Peki biz neden takıntı(!)lı olmalıyız bu konu da bu kadar..
Çünkü ‘Türk’ genciyiz.
Çünkü Mustafa Kemalin eserleriyiz...
Çünkü Onun evladı ve eseriysek; bize bıraktıklarını kendimiz kadar önemsemeli,sahip çıkmalıyız.
Çünkü biz emanete ihanet (İhanet değil diyenin milli bilincinden şüphe ederim!) edenlerle savaşmak zorundayız.
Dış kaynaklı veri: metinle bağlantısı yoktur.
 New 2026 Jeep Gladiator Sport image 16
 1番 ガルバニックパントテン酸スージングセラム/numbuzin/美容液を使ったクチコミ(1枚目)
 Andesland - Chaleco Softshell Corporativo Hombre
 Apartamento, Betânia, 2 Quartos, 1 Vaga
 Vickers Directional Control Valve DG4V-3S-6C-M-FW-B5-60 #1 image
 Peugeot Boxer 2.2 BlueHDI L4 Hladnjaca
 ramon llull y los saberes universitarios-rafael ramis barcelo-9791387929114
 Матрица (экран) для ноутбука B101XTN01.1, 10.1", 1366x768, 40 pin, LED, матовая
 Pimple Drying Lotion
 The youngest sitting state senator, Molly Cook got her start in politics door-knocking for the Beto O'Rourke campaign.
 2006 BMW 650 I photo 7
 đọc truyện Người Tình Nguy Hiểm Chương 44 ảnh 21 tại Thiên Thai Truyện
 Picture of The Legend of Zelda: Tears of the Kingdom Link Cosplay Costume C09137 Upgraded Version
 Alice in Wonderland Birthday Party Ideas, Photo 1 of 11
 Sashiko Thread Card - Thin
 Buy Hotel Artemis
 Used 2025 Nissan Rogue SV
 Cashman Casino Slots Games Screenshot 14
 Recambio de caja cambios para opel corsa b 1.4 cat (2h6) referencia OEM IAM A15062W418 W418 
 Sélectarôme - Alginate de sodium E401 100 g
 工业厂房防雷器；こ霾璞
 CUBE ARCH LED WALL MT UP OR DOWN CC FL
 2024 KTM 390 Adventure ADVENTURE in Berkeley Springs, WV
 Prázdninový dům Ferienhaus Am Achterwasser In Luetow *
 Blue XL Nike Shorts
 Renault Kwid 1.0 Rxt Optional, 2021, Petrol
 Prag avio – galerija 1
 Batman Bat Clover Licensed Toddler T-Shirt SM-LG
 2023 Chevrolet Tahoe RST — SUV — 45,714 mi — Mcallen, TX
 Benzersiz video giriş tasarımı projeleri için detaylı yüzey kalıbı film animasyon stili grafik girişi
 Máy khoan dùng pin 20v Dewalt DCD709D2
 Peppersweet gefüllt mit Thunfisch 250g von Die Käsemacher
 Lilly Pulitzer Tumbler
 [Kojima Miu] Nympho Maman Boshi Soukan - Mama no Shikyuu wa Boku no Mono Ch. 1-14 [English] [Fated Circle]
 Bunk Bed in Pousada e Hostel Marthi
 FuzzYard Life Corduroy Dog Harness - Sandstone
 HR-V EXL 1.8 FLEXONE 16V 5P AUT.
Çünkü bizden sonra ki nesilleri de düşünüyor,onlara ‘Öz Türkçe’ bırakmak istiyoruz...
…
Özgürlükten bahseden,istediği gibi konuşma hakkına sahip olduğunu söyleyenlere, ‘öz’gürlük anlayışlarını ve ‘kim’liklerini tekrar sorgulamalarını tavsiye ediyorum.
Ve diyorum ki
En azından çevremizde bu konuda Hassas olalım.
TÜRKÇEMİZİ GÜZEL KULLANMAYA DİKKAT EDELİM
TÜRKÇE'NİN BİR EKSİĞİ YOK..YA BİZİM??